Closed jmerrifield closed 6 years ago

jmerrifield commented 6 years ago

I work on a large non-Ember app making extensive use of Emblem templates. We're currently trying to upgrade from 0.4.0 to current but have encountered what seems to be a breaking change that I don't see mentioned in the CHANGELOG.

Given this Emblem template: input type="text" placeholder=placeholder, and the value "multiple words" for placeholder, under 0.4.0 the eventual value for placeholder would be wrapped in quotes:

<!-- Output from Emblem 0.4.0 -->
<input type="text" placeholder="multiple words" />

The newest version, however, results in an unquoted attribute value and broken markup:

<!-- Output from Emblem 0.9.0 -->
<input type="text" placeholder=multiple words>

Is this intentional? Are we now meant to use something like attr="{{ variable }}" instead?

Converting ~14k lines of Emblem to use a different attribute assignment syntax would be prohibitive for us. Would you consider a PR that restored the previous behavior?

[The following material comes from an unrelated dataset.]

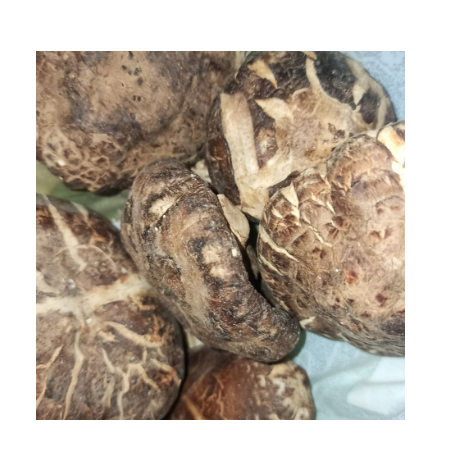 

Jamur Hioko J A J - 100GR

It looks like adding opening and closing quotes to this line in template-compiler.js would have the desired effect.

thec0keman commented 6 years ago

Emblem 0.5 changed from outputting compiled Ember templates to just outputting raw handlebars at compile time (e.g. with ember-cli). This has a huge advantage as it decouples Emblem from the internal changes Ember has been making with HTMLBars / Glimmer, and allows Emblem just to function as a preprocessor (sort of like a coffeescript addon). It also has an advantage for debugging these kinds of issues: if you can prove that a raw handlebars works as you intend with Ember, then it is rather simple to debug what Emblem is doing or not doing.

For example:

= input type="text" placeholder=placeholder

Compiles to:

{{input type="text" placeholder=placeholder}}

example

The latter is valid handlebars syntax for Ember 2.x, and given a variable 'multiple values', Ember should properly render that string with proper quoting.

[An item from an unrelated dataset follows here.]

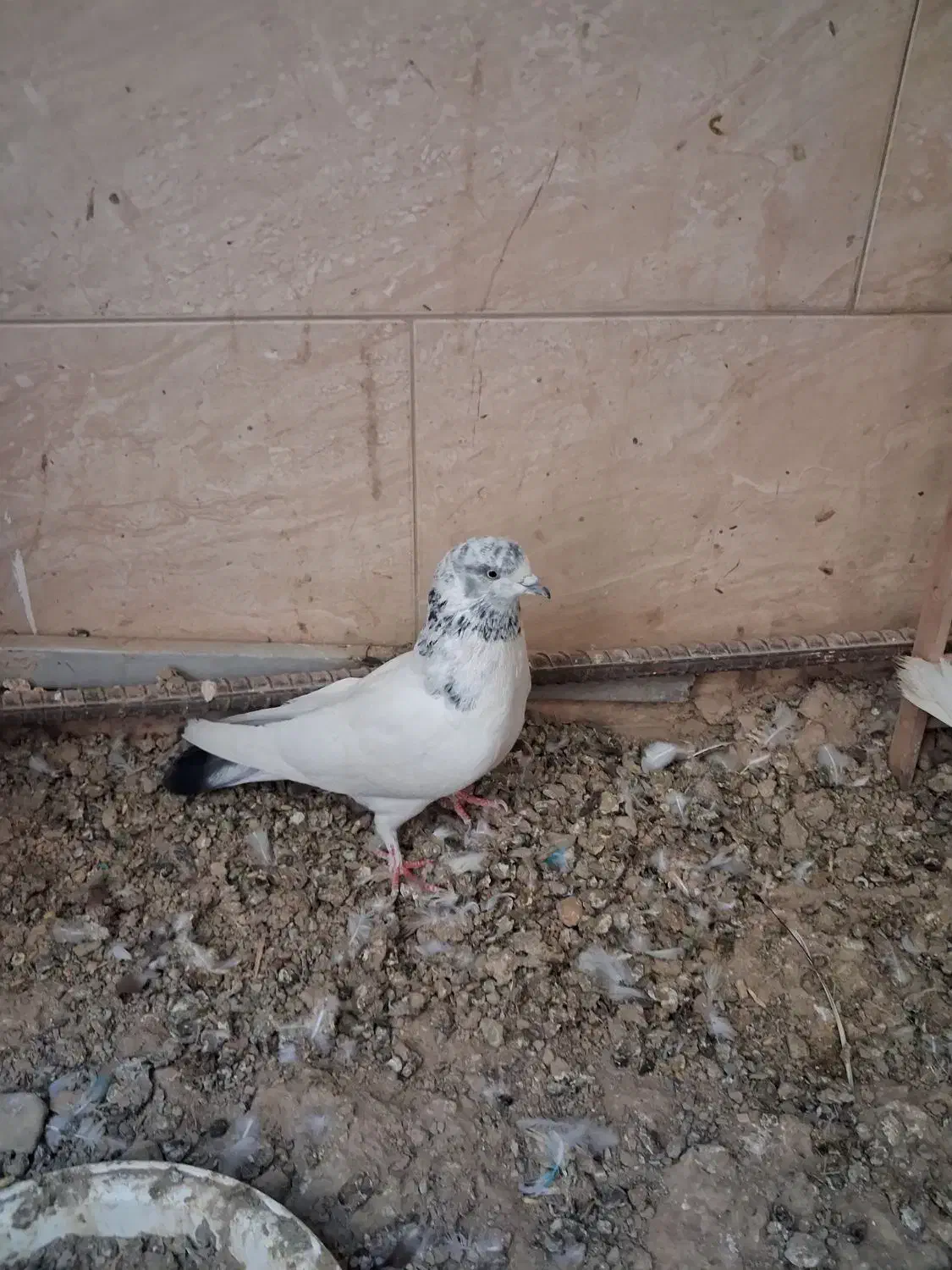 کفتر پرشی|پرنده|تهران, جلیلی|دیوار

So, I'd suggest a next step would be to create an Ember twiddle that showcases your handlebars having the desired effect, and then we can see if Emblem is doing something unexpected.

quaelin commented 6 years ago

Hi @thec0keman, thanks for the reply. I'm working with @jmerrifield on this. Note that we're not using Ember, so an Ember twiddle probably won't be a helpful next step for us.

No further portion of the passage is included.